A place of writing and reflection…
This is a faithful saying and worthy of all acceptance, that Christ Jesus came into the world to save sinners, of whom I am the worst. But I received mercy for this reason, that in me, first, Jesus Christ might show all patience, as an example to those who were to believe in Him for eternal life. Now to the eternal, immortal, invisible King, the only wise God, be honor and glory forever. Amen.
—1 Timothy 1:15-17
So Christmas has come and gone this week.
Our tree still stands in the kitchen—at least until New Years with no more packages littering it’s base. (Our eighteen-month-old got to open most of them.) We had homemade Chinese for dinner with sweet and sour pork, chicken fried rice, and Chinese doughnuts (as may very well become family tradition). We spent a good portion of the day just spending time together, resting from the work week, and making sure big sister didn’t hit little sister with her play frying pan again.
Last year we bought our first tree—a six foot white one we decorate with blue and silver ornaments our toddler likes to take off of it. Last year it guarded a small pile of gifts for friends and family. This year our tree did the same with its cool glow of blue lights our two-month-old loves to stare at from her swing.
But this year was different.
You see we went through a rough patch, financially, after coming back from our Texas trip while we tried to get my husband a job change. Three of those boxes under that tree only contained gifts because they had been bought before our trip, one of which was actually a forgotten birthday gift repurposed for the season.
I’m not complaining.
I’m actually grateful.
But I was even more grateful when my husband landed his new job and we were able to cover the important things—like bills.
Something else I’m grateful for.
Ever since I was a kid I always remembered being told by my mother how tight money was in our house. But every year without fail she would give my brother and I the Sears wish book and tell us to pick something out $20 or under. I vaguely remember highlighting things like dolls and such and getting onto my brother for always picking the ones that were so much more expensive.
“Mom can’t afford that,” I would tell him to no avail.
And yet for some reason every year that really expensive item would find its way under the tree for him.

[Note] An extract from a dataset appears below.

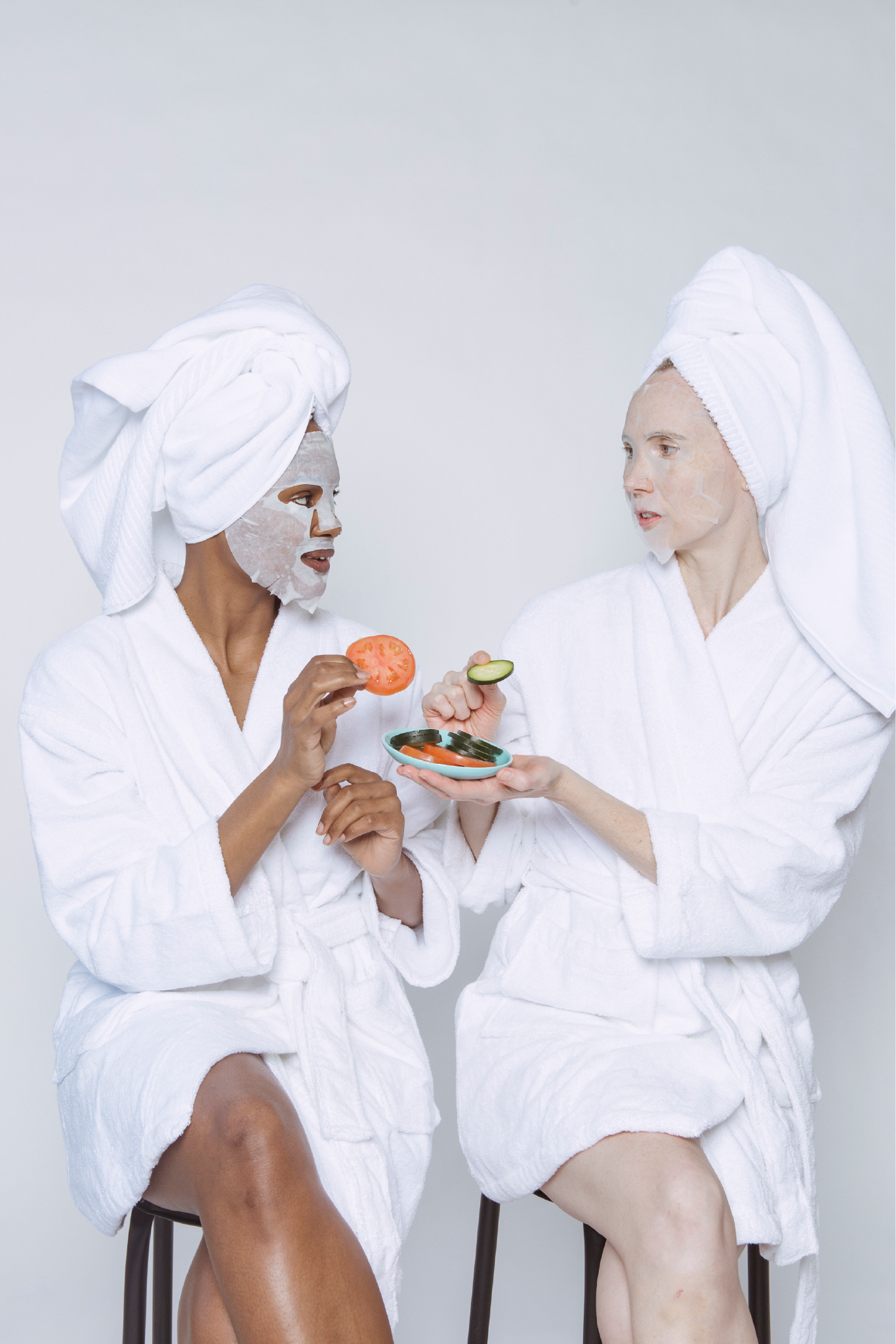 diverse women in sheet masks skin care products wearing bathrobes doing morning skin care routine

I couldn’t make sense of it.
If we were poor, why would you put yourself in debt to pay for something you said we can’t afford, mom?

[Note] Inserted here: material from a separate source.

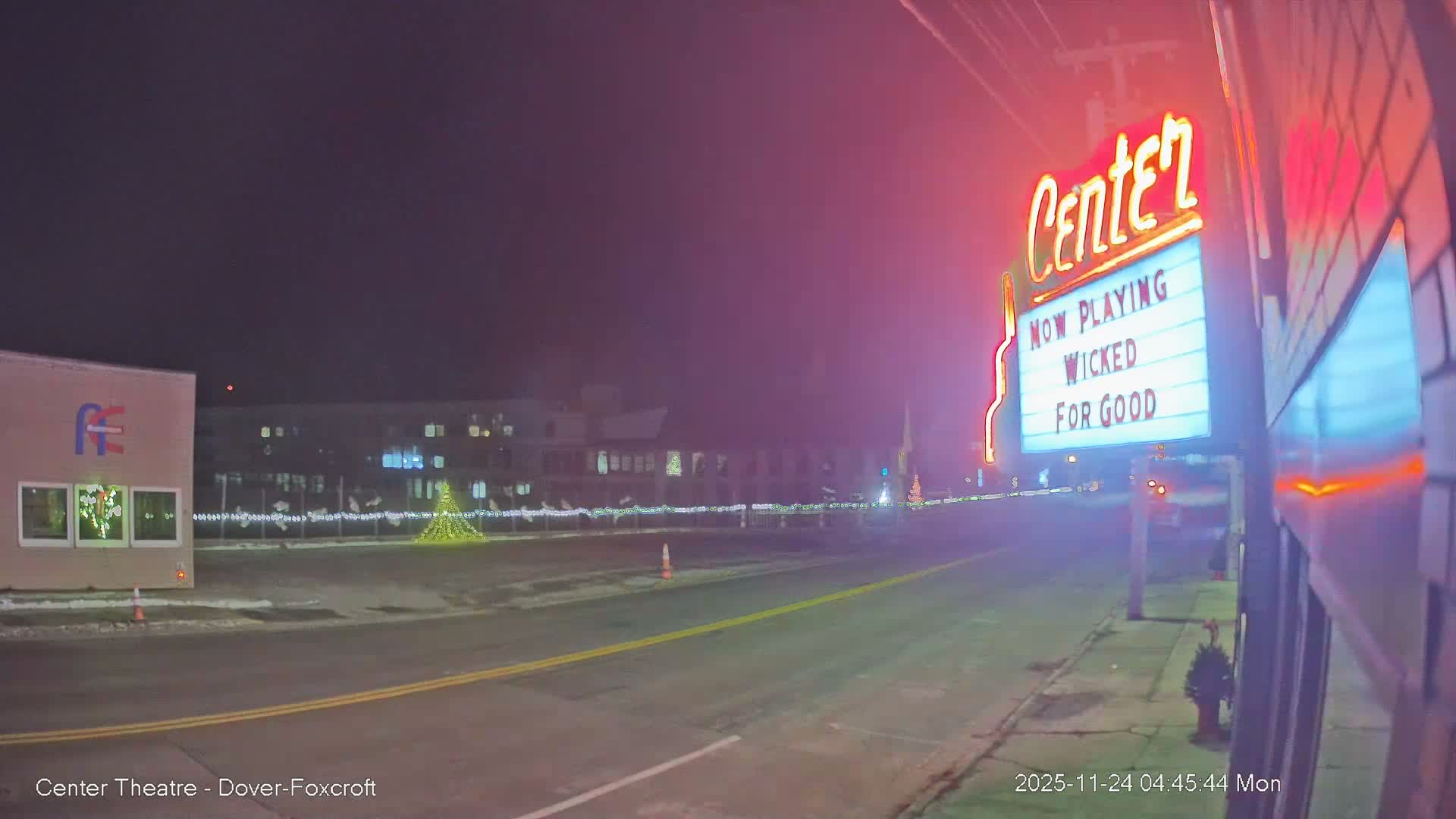 A clear night with visible atmospheric light diffusion illuminates an urban street featuring a bright neon sign on the right, a building with a logo on the left, and distant buildings strung with festive lights including a glowing conical tree across the street.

Granted she was trying to be a “good mom”, but she was also spoiling my brother by going outside her means (and rules) for him.
Yes, there was that slight tinge of jealousy as such never have been allowed for me, but my main concern was for the money spent on those highly priced gifts.
Even more so as adult it draws my concern as I see pictures of Christmas trees drowning in gifts.
Not from jealousy.
What happened to the meaning of Christmas?
The Savior born to save the souls of man? The gift from God that should inspire those gifts we place beneath artificial branches?
My husband says his best Christmas he can remember was not one of enormous mounds of gifts either.
He and his brother both got sweaters that year and mom had him pose with his in front of a dresser. It had been a difficult time for mom that year, but this occasion best for Charles.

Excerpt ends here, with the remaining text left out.